= LISTED RECORDS =
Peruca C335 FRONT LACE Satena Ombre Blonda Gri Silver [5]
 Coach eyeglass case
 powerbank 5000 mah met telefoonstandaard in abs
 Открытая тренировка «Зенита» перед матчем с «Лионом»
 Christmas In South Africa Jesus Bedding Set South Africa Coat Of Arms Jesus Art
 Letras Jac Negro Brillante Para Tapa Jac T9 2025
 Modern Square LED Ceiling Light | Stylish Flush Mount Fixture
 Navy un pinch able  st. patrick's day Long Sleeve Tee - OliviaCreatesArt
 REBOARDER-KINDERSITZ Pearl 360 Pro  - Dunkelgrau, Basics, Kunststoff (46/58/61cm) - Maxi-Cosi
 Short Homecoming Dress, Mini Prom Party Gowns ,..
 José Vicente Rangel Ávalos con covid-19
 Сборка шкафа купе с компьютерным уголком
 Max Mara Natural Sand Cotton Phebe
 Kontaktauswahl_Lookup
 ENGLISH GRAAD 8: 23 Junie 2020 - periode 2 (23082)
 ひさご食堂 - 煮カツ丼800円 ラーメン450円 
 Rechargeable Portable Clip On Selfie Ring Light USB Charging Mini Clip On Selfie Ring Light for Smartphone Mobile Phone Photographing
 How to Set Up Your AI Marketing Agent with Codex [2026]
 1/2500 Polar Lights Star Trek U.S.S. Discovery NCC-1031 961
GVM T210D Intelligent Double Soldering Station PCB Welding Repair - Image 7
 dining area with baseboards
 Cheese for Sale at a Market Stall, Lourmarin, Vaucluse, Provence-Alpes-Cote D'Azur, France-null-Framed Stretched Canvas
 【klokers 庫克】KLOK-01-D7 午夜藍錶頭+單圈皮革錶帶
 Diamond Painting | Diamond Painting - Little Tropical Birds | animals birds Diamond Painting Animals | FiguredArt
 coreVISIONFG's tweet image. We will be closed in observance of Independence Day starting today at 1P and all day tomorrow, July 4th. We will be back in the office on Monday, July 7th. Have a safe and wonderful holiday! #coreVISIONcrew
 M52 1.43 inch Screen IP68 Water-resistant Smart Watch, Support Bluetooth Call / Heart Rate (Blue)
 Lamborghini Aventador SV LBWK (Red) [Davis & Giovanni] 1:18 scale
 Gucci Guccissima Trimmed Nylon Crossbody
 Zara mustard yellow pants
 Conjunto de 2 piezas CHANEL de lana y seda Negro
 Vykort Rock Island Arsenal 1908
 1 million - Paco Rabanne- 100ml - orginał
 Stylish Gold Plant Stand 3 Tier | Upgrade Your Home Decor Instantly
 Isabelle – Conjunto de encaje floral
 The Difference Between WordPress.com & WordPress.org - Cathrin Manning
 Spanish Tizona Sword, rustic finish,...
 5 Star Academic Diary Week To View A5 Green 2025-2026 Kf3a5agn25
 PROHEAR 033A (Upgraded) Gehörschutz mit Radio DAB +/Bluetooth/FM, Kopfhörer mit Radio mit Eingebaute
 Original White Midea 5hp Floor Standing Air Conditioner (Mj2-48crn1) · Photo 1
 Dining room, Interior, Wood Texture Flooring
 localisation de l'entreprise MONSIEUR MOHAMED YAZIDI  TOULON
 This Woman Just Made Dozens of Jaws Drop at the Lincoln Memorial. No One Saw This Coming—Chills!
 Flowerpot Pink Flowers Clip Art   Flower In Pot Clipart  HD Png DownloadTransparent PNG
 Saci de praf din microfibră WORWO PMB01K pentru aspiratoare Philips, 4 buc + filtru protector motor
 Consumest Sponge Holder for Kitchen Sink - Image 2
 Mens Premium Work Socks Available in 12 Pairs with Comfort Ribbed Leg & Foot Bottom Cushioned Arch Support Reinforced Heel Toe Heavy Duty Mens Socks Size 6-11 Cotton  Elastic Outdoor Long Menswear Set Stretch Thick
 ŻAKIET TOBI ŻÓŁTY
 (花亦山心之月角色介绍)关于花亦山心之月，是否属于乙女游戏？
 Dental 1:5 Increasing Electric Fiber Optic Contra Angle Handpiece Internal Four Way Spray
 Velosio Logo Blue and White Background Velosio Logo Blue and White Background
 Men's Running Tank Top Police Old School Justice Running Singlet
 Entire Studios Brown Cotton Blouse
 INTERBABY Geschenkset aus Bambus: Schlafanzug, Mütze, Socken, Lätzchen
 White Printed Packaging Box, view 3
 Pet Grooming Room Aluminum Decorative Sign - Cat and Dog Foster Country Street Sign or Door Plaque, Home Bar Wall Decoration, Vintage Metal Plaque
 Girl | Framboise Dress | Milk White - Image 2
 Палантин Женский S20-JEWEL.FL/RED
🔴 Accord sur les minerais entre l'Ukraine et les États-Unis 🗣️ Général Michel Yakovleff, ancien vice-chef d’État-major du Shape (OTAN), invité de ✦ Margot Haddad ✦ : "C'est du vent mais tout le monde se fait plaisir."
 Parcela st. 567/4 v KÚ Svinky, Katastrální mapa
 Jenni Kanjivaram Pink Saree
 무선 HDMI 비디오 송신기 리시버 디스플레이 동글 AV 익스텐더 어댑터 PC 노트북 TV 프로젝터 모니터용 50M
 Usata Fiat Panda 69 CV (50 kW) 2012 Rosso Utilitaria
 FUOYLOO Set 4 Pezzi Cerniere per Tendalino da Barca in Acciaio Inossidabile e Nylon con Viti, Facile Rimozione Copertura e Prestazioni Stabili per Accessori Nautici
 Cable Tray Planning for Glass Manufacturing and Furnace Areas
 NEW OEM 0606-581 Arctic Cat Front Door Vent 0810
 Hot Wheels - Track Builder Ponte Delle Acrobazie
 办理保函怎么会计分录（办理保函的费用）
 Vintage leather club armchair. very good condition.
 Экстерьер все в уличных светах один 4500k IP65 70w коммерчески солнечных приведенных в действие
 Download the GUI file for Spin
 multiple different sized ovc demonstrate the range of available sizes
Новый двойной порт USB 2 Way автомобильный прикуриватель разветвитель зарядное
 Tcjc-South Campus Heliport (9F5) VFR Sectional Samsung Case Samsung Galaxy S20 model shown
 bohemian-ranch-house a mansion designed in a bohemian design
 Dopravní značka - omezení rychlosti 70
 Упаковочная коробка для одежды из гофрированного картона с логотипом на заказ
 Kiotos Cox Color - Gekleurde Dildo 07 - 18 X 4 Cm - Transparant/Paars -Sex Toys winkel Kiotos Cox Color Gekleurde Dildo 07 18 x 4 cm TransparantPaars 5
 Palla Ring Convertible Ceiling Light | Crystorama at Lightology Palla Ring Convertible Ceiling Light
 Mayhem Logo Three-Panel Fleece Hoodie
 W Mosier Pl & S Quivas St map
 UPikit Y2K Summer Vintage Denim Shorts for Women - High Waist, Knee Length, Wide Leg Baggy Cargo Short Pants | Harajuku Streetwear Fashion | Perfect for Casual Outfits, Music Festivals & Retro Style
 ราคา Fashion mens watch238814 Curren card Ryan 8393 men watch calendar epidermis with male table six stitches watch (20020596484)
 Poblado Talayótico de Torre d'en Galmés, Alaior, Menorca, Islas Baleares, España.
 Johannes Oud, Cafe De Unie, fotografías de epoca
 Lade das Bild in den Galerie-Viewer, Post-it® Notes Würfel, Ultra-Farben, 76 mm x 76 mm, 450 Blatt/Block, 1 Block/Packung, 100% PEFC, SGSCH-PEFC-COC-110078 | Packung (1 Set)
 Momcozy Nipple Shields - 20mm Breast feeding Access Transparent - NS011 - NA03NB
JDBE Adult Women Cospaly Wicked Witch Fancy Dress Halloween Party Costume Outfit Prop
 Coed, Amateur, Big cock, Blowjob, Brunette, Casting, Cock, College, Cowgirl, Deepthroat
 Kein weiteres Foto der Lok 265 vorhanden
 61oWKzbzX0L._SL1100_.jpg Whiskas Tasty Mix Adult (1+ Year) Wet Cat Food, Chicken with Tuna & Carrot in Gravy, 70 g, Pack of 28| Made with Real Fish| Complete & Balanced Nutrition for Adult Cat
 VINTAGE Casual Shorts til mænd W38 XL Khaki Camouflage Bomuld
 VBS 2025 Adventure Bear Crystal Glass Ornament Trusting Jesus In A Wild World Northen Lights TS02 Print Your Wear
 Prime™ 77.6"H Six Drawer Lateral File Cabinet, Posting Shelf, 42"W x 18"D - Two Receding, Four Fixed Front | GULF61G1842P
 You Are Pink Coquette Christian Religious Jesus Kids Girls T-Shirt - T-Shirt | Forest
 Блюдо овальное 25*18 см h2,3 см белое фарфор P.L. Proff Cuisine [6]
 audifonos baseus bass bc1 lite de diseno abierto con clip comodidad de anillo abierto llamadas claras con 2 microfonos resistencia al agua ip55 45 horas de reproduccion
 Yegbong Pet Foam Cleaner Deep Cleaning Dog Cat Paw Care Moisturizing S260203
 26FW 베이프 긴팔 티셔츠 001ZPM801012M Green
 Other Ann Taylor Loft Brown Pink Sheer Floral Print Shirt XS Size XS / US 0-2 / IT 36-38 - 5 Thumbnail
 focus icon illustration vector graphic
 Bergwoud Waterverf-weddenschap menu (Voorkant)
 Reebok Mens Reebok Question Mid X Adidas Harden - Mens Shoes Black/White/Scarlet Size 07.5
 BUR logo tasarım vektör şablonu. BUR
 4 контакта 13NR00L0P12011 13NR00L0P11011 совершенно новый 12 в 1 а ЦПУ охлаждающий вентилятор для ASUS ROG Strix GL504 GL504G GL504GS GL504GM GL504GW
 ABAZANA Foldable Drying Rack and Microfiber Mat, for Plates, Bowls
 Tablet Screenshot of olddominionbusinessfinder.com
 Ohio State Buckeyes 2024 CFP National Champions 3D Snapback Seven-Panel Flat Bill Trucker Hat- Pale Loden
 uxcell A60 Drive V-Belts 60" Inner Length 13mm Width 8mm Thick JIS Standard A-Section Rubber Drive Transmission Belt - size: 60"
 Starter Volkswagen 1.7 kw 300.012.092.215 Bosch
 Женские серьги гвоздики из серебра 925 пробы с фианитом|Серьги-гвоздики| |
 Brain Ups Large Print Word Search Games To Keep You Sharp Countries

= EXERCISE AIM =
Given the records above, restate word for word only the lines starting at the one with "GVM T210D Intelligent" and ending at the one with "Original White Midea".

= WRITTEN SOLUTION =
GVM T210D Intelligent Double Soldering Station PCB Welding Repair - Image 7
 dining area with baseboards
 Cheese for Sale at a Market Stall, Lourmarin, Vaucluse, Provence-Alpes-Cote D'Azur, France-null-Framed Stretched Canvas
 【klokers 庫克】KLOK-01-D7 午夜藍錶頭+單圈皮革錶帶
 Diamond Painting | Diamond Painting - Little Tropical Birds | animals birds Diamond Painting Animals | FiguredArt
 coreVISIONFG's tweet image. We will be closed in observance of Independence Day starting today at 1P and all day tomorrow, July 4th. We will be back in the office on Monday, July 7th. Have a safe and wonderful holiday! #coreVISIONcrew
 M52 1.43 inch Screen IP68 Water-resistant Smart Watch, Support Bluetooth Call / Heart Rate (Blue)
 Lamborghini Aventador SV LBWK (Red) [Davis & Giovanni] 1:18 scale
 Gucci Guccissima Trimmed Nylon Crossbody
 Zara mustard yellow pants
 Conjunto de 2 piezas CHANEL de lana y seda Negro
 Vykort Rock Island Arsenal 1908
 1 million - Paco Rabanne- 100ml - orginał
 Stylish Gold Plant Stand 3 Tier | Upgrade Your Home Decor Instantly
 Isabelle – Conjunto de encaje floral
 The Difference Between WordPress.com & WordPress.org - Cathrin Manning
 Spanish Tizona Sword, rustic finish,...
 5 Star Academic Diary Week To View A5 Green 2025-2026 Kf3a5agn25
 PROHEAR 033A (Upgraded) Gehörschutz mit Radio DAB +/Bluetooth/FM, Kopfhörer mit Radio mit Eingebaute
 Original White Midea 5hp Floor Standing Air Conditioner (Mj2-48crn1) · Photo 1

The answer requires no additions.